Friday, September 27, 2013

Practicing the Awareness of Microaggressions



              I had the opportunity this week to go to a conference with people from twelve western states (including Hawaii and Alaska), as well as people from America Samoa, Guam, and the Mariana Islands. The purpose of the conference was to talk about what states were doing in their Early Childhood Professional Development Systems to support teachers to prepare children for school readiness. We were discussing the tools that are widely accepted as reliable for determining quality in classrooms and programs, when the representative from Alaska spoke up. She mentioned that native children are not talk to interact in the same way that Caucasian children are-they are talk to listen as their way of learning. One of the widely accepted tools to measure interactions between teachers and children does not take this cultural difference into consideration, and the scores of the native teachers and children in Alaska were low. Not because they had poor interactions, but because they had different interactions than those being measured. This nationally renowned tool was a microaggression to this leader and the native people in her state because it says that their way of interacting is not worthwhile. Although the tool is meant to be a support for teachers, and no malice was put into the design, it has unintentionally caused this community an indignity.
            This observation has helped me realize that many things that are designed to benefit “all” children in the U.S. have been designed by White, middle/upper class, educated people-and they are piloted on the same demographic. We, as Early Childhood leaders need to be willing to step out of our reality and realize that our world is changing. I will take the lesson learned from my colleague in Alaska and ask myself if what I am sending out to the providers in Utah, in regards to Professional Development, are truly taking many right ways of doing what is best for children.

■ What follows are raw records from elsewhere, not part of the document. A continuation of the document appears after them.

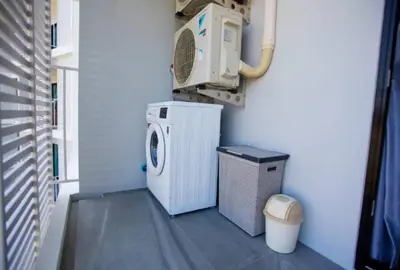 a laundry room with a washer and a washing machine at Title Rent Rawai in Rawai Beach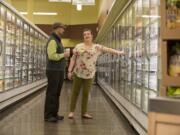 Vancouver New Seasons Market manager Glen Jones, left, and the store&#039;s Green Team captain Makayla Karlsen look over energy-saving doors at the store, which was recognized Thursday evening by the Clark County Green Business Program as the Green Business of the Year.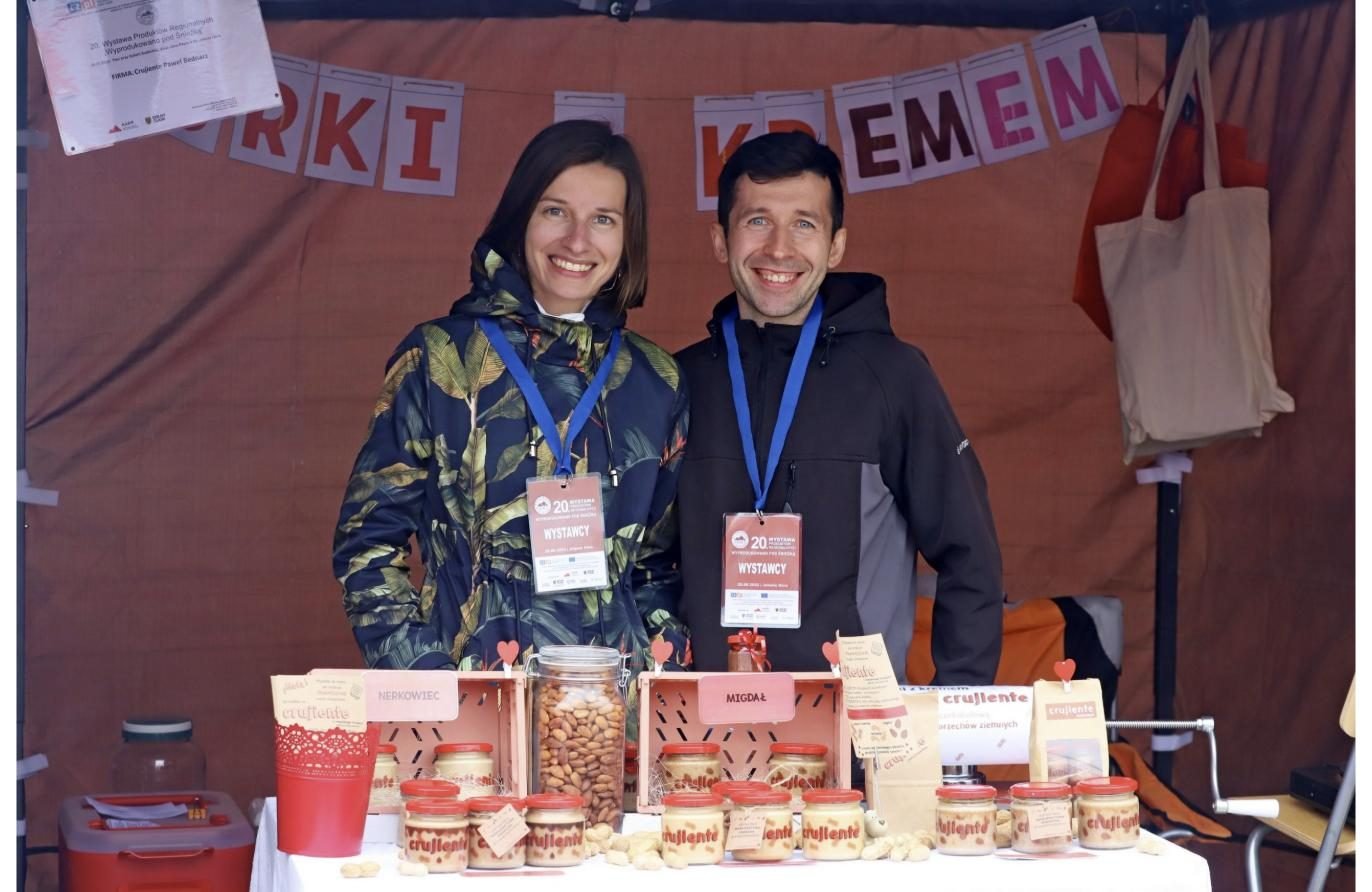 Magdalena i Paweł z identyfikatorami wystawców na 20. Wystawie Wyprodukowano pod Śnieżką, przed nimi skrzynki z orzechami i słoiki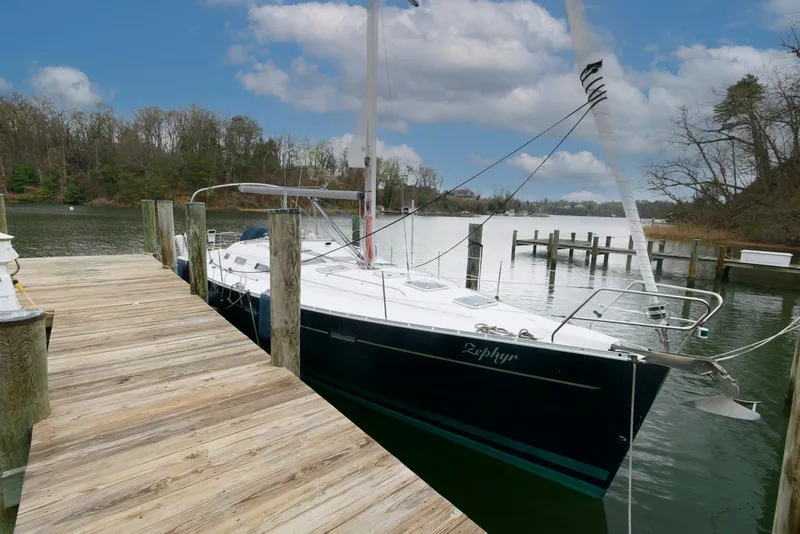 Slide: The Image of 2002 Beneteau 393 sailboat docked by a wooden pier on a calm lake. - 0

Tuesday, September 17, 2013

What Culture and Diversity Mean to my Family and Friends


            I have been given the assignment to talk to at least three of my family members and friends about their definitions of culture and diversity. I actually talked to six people of diverse ages, genders, sexual orientations, religious backgrounds and ethnicities. All of these people had some aspect that differentiated their specific cultures from mine.

            My mother, who is 86 years old, used the words “elite” and “refined” when she heard the word culture. She thinks of culture in terms of “being cultured or well-bred”. My husband’s response to the word culture was “educated”, because those that are well educated understand the more sophisticated things in life. Other younger members of the group responded with terms such as: customs, trends, ideals, beliefs, traditions, and lifestyle. When it came to the responses for diversity, all of the people responded with ideas that centered on the idea that people are different. One member of the group specifically mentioned race, and several people talked about accepting others for whom and what they are. My husband’s response to this question was “a willingness to adapt” to different things and different people.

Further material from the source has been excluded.